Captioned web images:
>>>

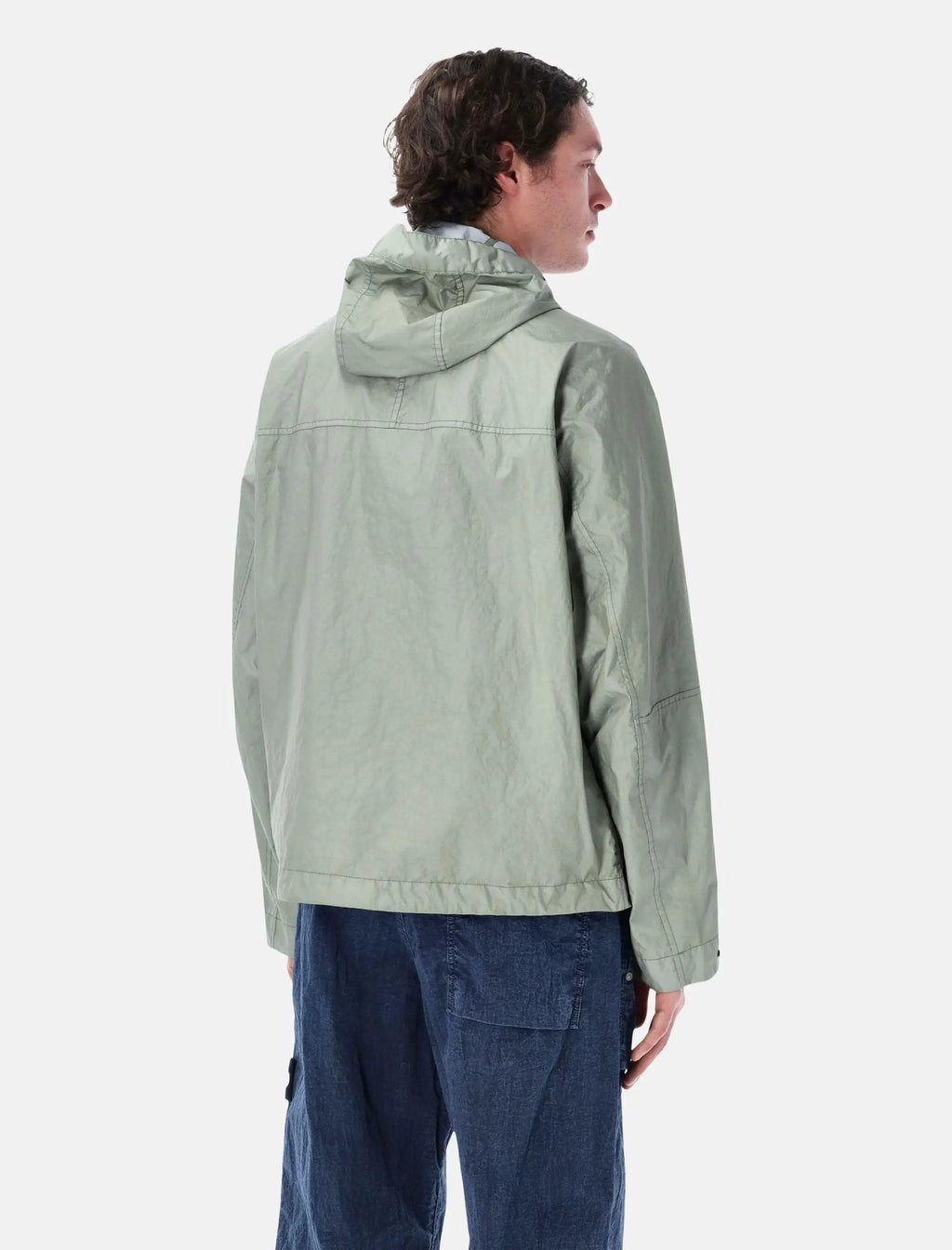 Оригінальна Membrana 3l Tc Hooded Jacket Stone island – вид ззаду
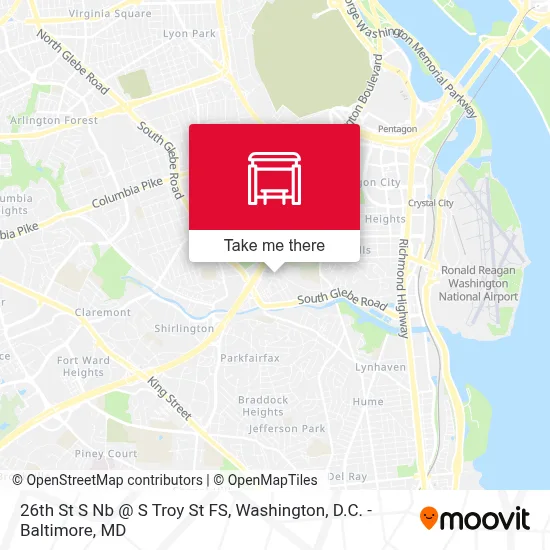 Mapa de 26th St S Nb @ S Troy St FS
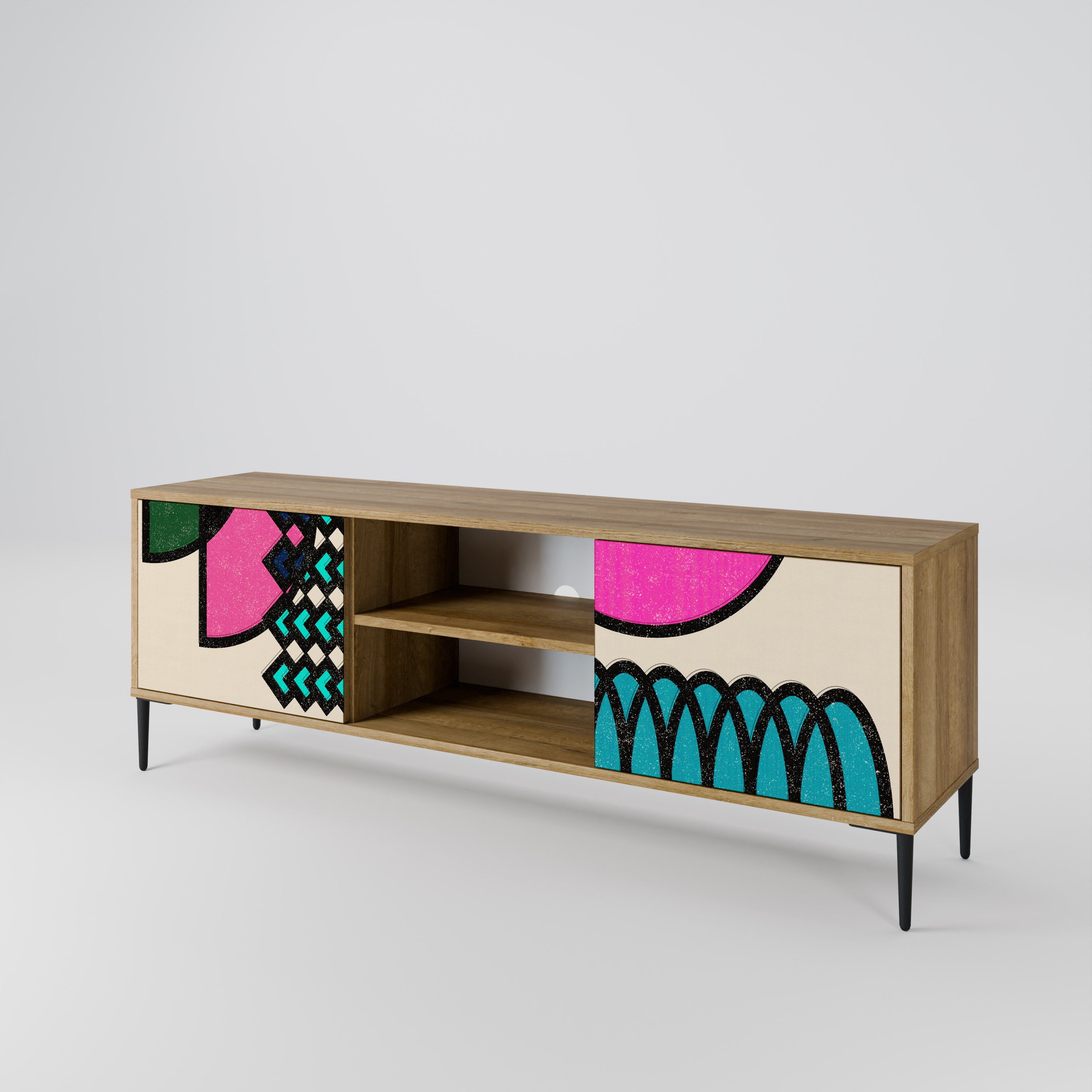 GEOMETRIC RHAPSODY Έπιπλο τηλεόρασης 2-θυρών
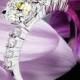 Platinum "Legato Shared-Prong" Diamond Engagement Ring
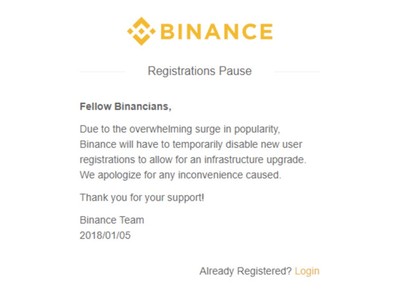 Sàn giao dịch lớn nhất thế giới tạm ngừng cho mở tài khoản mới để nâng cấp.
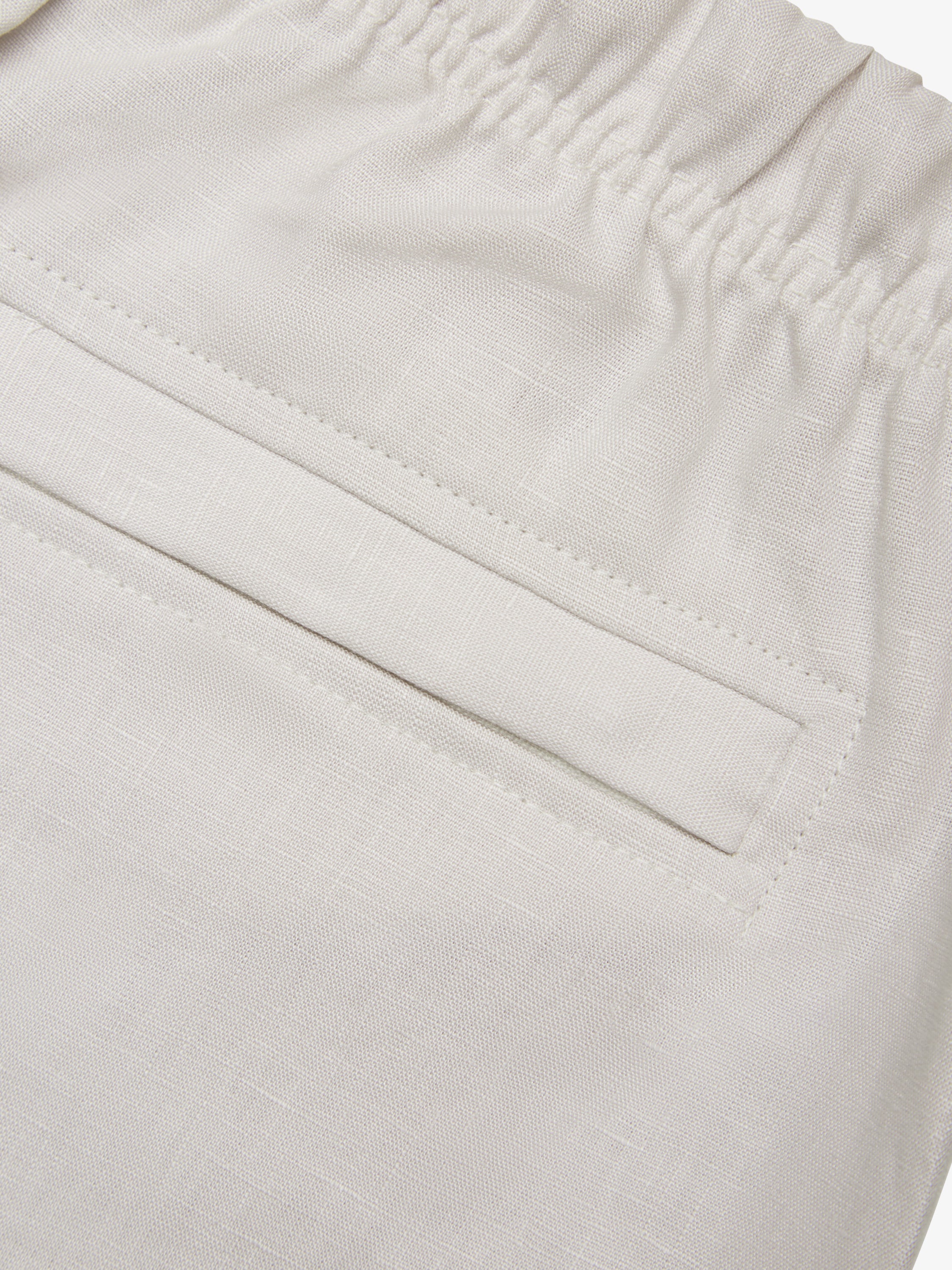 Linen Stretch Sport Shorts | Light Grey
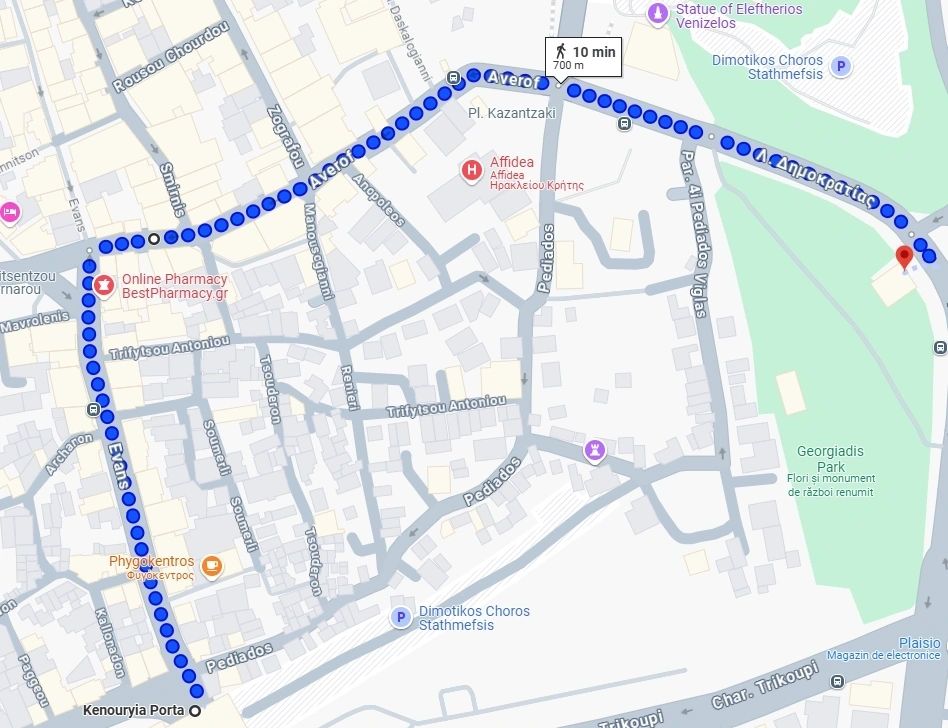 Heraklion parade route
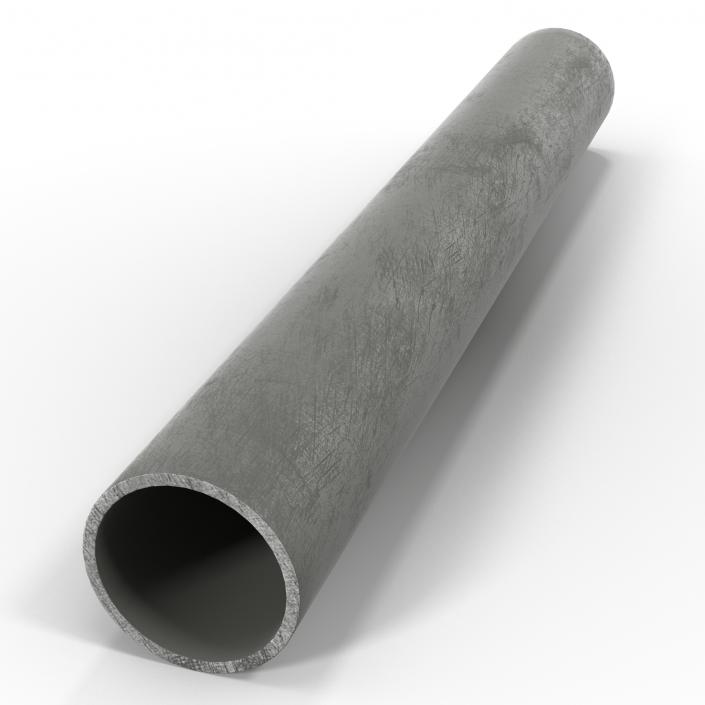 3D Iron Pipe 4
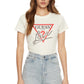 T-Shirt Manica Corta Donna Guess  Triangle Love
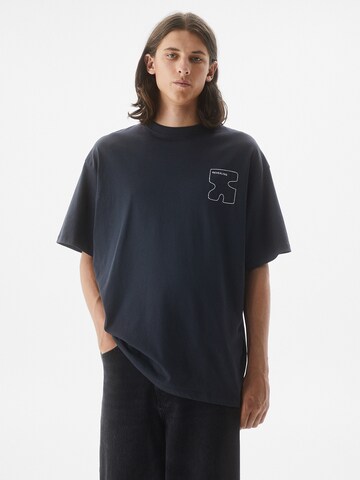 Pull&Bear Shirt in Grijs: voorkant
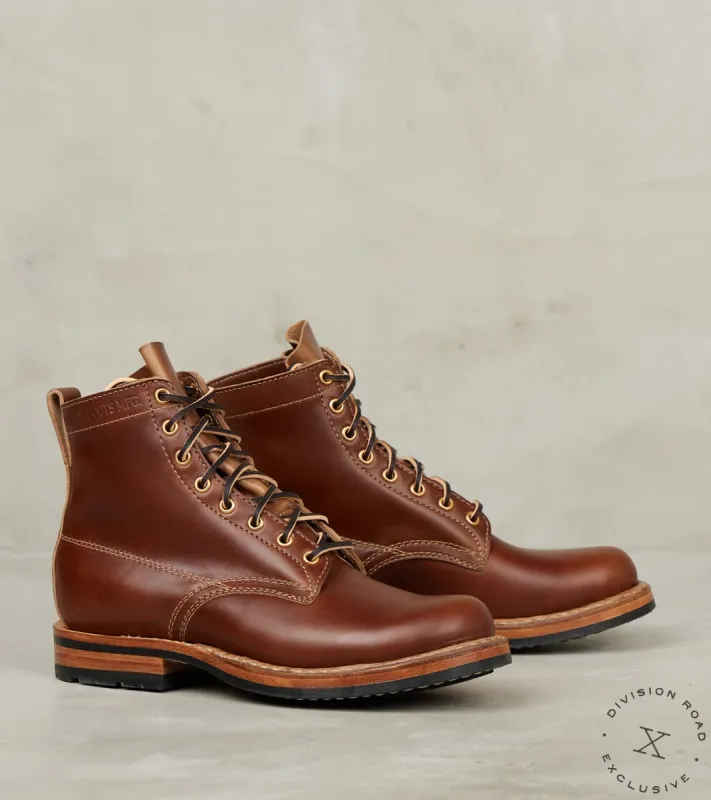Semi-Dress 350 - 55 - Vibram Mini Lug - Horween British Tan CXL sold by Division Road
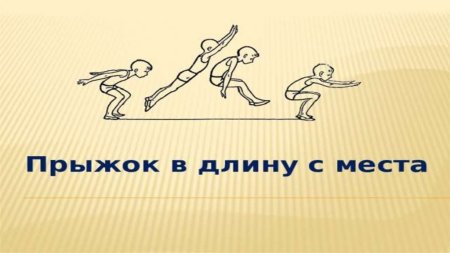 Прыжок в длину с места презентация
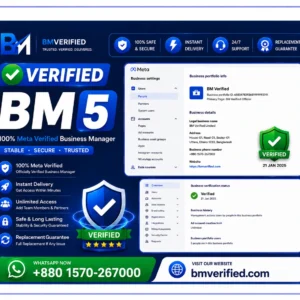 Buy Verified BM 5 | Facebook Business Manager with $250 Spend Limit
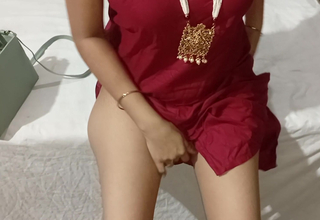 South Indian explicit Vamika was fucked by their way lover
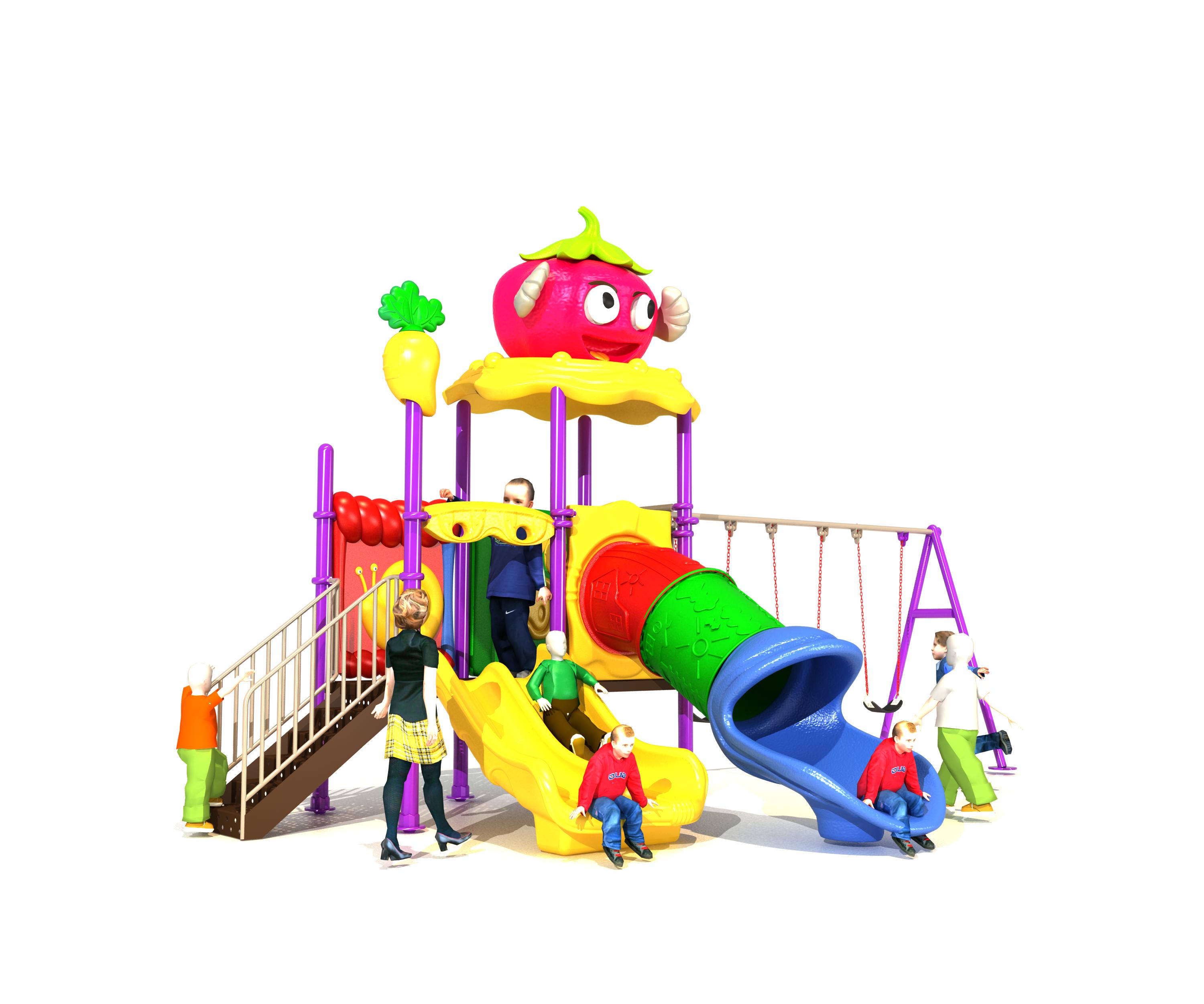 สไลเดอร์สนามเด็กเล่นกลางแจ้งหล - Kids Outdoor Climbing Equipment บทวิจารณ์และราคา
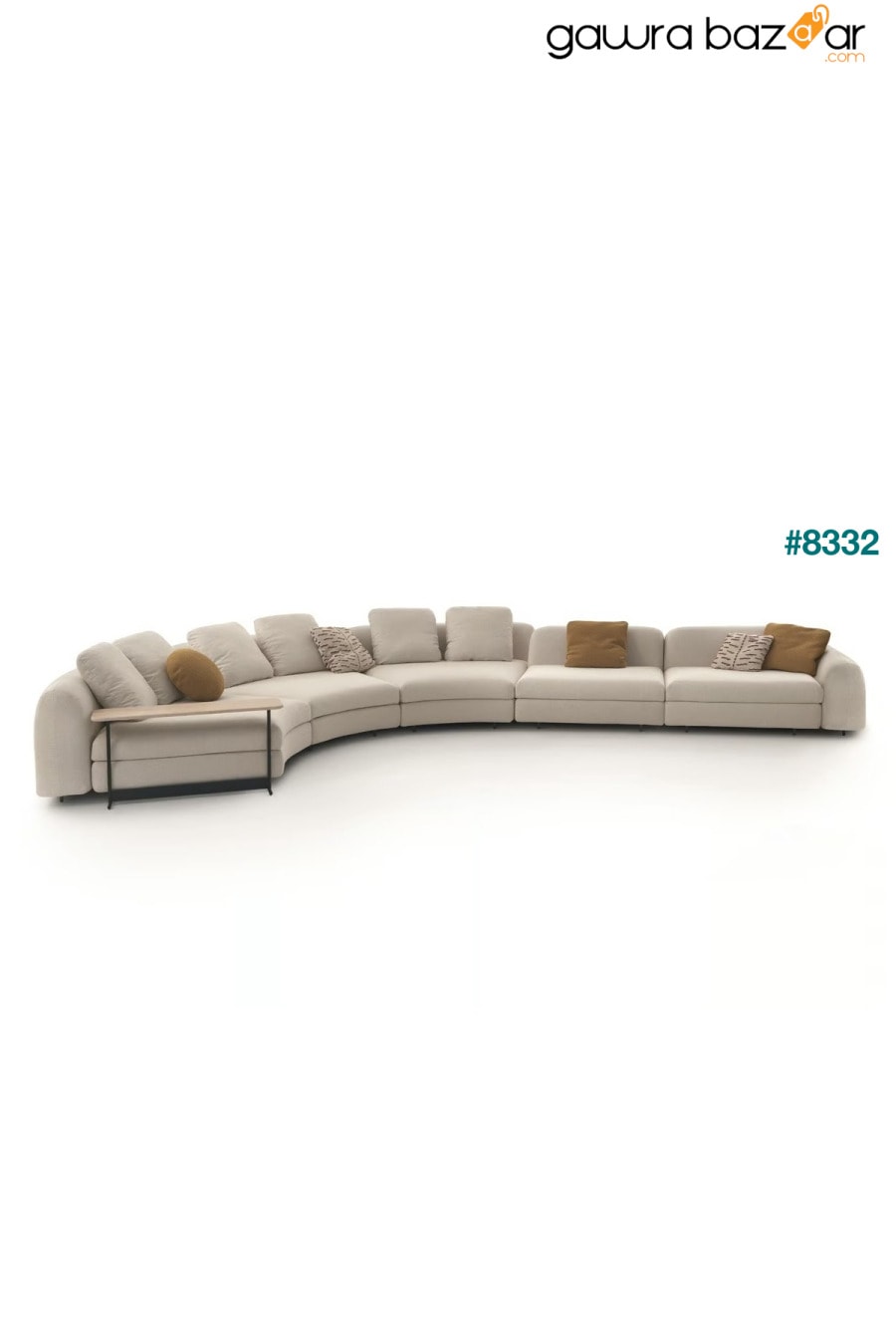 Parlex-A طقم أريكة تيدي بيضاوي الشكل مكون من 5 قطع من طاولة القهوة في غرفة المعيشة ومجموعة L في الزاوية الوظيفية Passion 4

<<<

--- Instructions for the task ---
Set down nothing but the lines from the one containing "สไลเดอร์สนามเด็กเล่นกลางแจ้งหล - Kids" to the final line above, both included, with every picture left out.

--- Reply to the exercise ---
 สไลเดอร์สนามเด็กเล่นกลางแจ้งหล - Kids Outdoor Climbing Equipment บทวิจารณ์และราคา
 Parlex-A طقم أريكة تيدي بيضاوي الشكل مكون من 5 قطع من طاولة القهوة في غرفة المعيشة ومجموعة L في الزاوية الوظيفية Passion 4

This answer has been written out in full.